§ Task statement
All that should be output is the block of lines below from the line with "Une chambre avec" to the line with "Fuhrpark eines mittelstaendischen", both included, exactly as written.

§ Input material
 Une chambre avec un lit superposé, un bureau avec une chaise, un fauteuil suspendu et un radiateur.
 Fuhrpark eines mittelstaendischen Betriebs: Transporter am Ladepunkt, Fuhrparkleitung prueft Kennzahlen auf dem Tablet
...
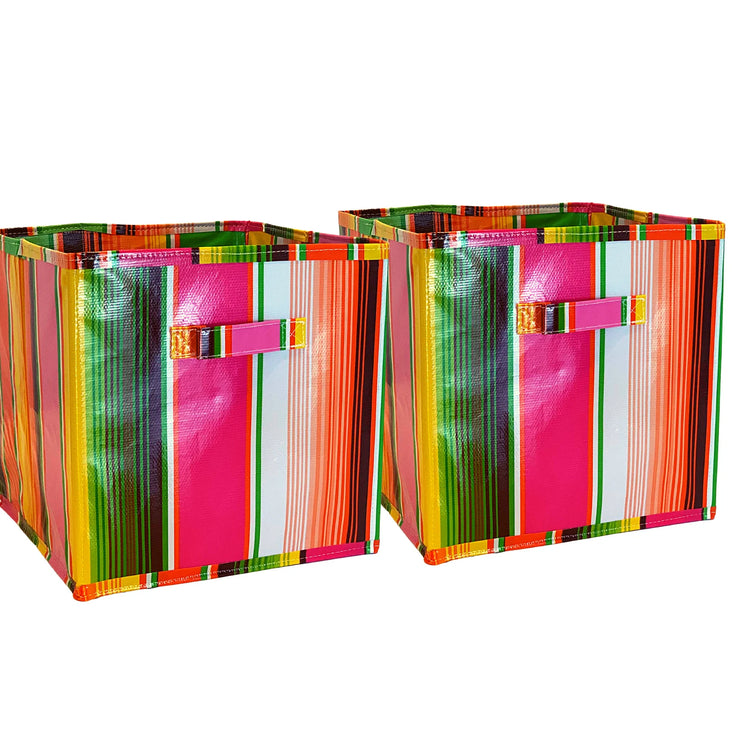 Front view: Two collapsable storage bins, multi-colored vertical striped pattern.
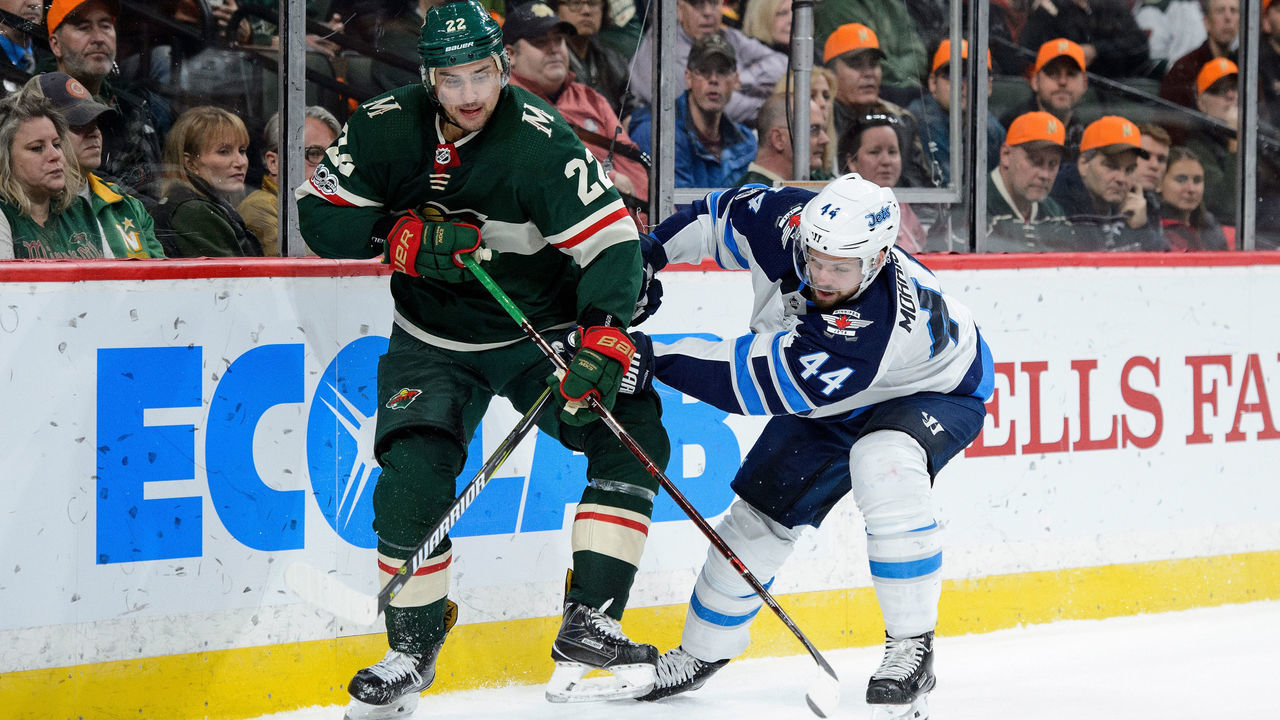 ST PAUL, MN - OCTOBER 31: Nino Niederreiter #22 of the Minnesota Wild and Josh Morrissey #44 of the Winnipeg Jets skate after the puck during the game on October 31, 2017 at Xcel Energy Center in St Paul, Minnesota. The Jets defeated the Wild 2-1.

§ Solution
 Une chambre avec un lit superposé, un bureau avec une chaise, un fauteuil suspendu et un radiateur.
 Fuhrpark eines mittelstaendischen Betriebs: Transporter am Ladepunkt, Fuhrparkleitung prueft Kennzahlen auf dem Tablet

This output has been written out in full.